Photoactive Silicon gas diffusion electrodes for solar assisted electrochemical conversion of CO2 – SIROCCO

The main goal of SIROCCO is to design high efficiency photocathodes for the photoelectrochemical reduction of CO2 (PEC-CO2RR) by advantageously combining gas diffusion photoactive supports based on silicon micropillars to bimetallic nanocatalysts (specifically, PdCu and AgCu). The aim is to improve the performances at the level of the photocurrent by overcoming CO2 mass transport limitations, and at the level of selectivity and lifetime by selecting specific bimetallic compositions and structures. As far as we know, designing and implementing gas diffusion photoelectrodes in an integrated photoelectrochemical system has never been studied and hence represents an innovative approach.
The project fits well within the challenge: "Une énergie durable, propre, sûre et efficace" in “Sciences de l’Énergie et des Matériaux” (Axis 2.2 in the AAPG), in particular regarding the production of hydrocarbons and precursors from CO2 and the capture and utilization of renewable energy. Specific challenges are: 1) to design and implement for the first time GD Si photocathodes; 2) to increase the photocurrents densities by a factor of 4 (from diffusion limitation, ~ 10 mA/cm2, up to Si solar cell performances, ~ 40 mA/cm2), 3) to guide the selectivity towards alcohols and hydrocarbons (CH3OH, CH4, C2H4) by adjusting the catalytic properties of PdCu and AgCu via their composition and structure, 4) to rationalize the collection of photocarriers at the level of bimetallic nanoparticles by determining the modulation of the bands at the Si/Bimetallic and Si/Electrolyte parallel junctions, 5) to explore the viability of coupling PEC-CO2RR with urea oxidation to further reduce the cell potential.
The originality of SIROCCO lies mainly in (i) the presentation of a completely new concept, the GD Si photoelectrode (of general interest for the PEC community) (ii) the use of Si pn+ micropillar arrays combined with PdCu and AgCu bimetallics to guide the selectivity (iii) the implementation of an unusual combination of modelling tools : electrochemical and electrical simulations in parallel, to report and optimize the CO2 diffusion regimes in the micropillar network (COMSOL) and the collection of photo-carriers (SILVACO). This original, multidisciplinary approach should provide a deep physical understanding of this type of systems, non-existing in applied PEC today. The results could certainly be extended to other reactions of interest, such as PEC assisted hydrogen evolution or pollutant remediation.
The project is divided in three tasks: T1/ Elaboration of Si 3D structures, T2/ PEC characterization of photocathodes and photoelectrolysis tests and T3/ Electrochemical and electrical simulations.
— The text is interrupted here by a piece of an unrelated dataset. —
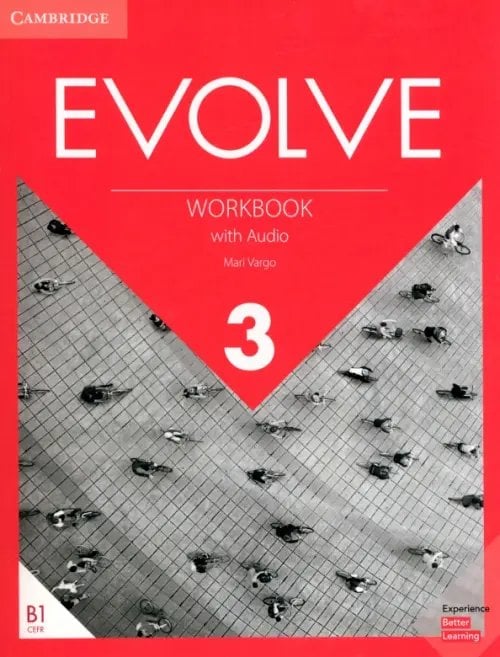 Evolve. Level 3. Workbook with Audio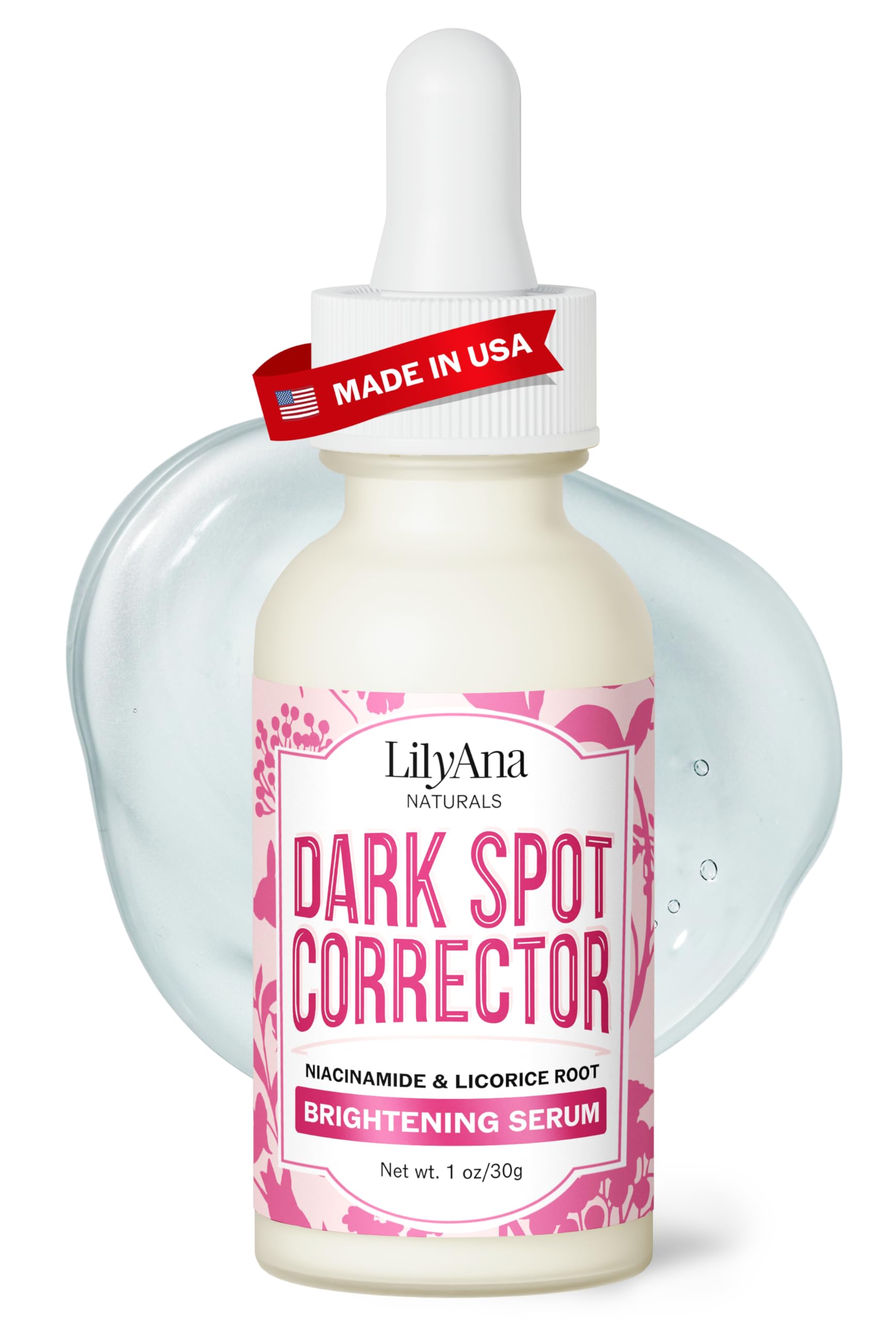 Amazon.com: LilyAna Naturals Dark Spot Corrector - Dark Spot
For some parts we will benefit from the expertise of two external partners: the ESYCOM laboratory (T. Bourouina, F. Marty and A. Rezgui, Univ. Gustave Eiffel, Service for microelectronics and microsystems of ESIEE) for the elaboration of micro-structured Si supports and COMSOL simulations, and the GeePs laboratory for the electric simulations by 2D-band bending modelling (Sylvain Le Gall, Univ. Paris-Sud).
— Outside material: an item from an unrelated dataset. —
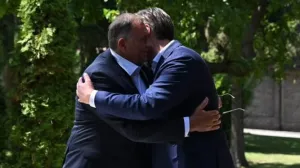 milorad dodik i aleksandar vučić sastanak u beogradu/Instagram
The original aspects mentioned above distinguish SIROCCO from most national and international research in the field of integrated PEC-CO2RR. From a personal point of view, the project will strengthen my research profile providing me with skills in research management, personnel coordination and knowledge dissemination. It will allow me as well to develop new skills in the field of multiscale modeling by COMSOL, a new expertise for my institution that will certainly impact my ability to establish new collaborations with researchers at ICMPE and outside. Finally, SIROCCO will deepen a fruitful collaboration with ESYCOM and GeePs and increase the development and the visibility of our line of research at the national and international level.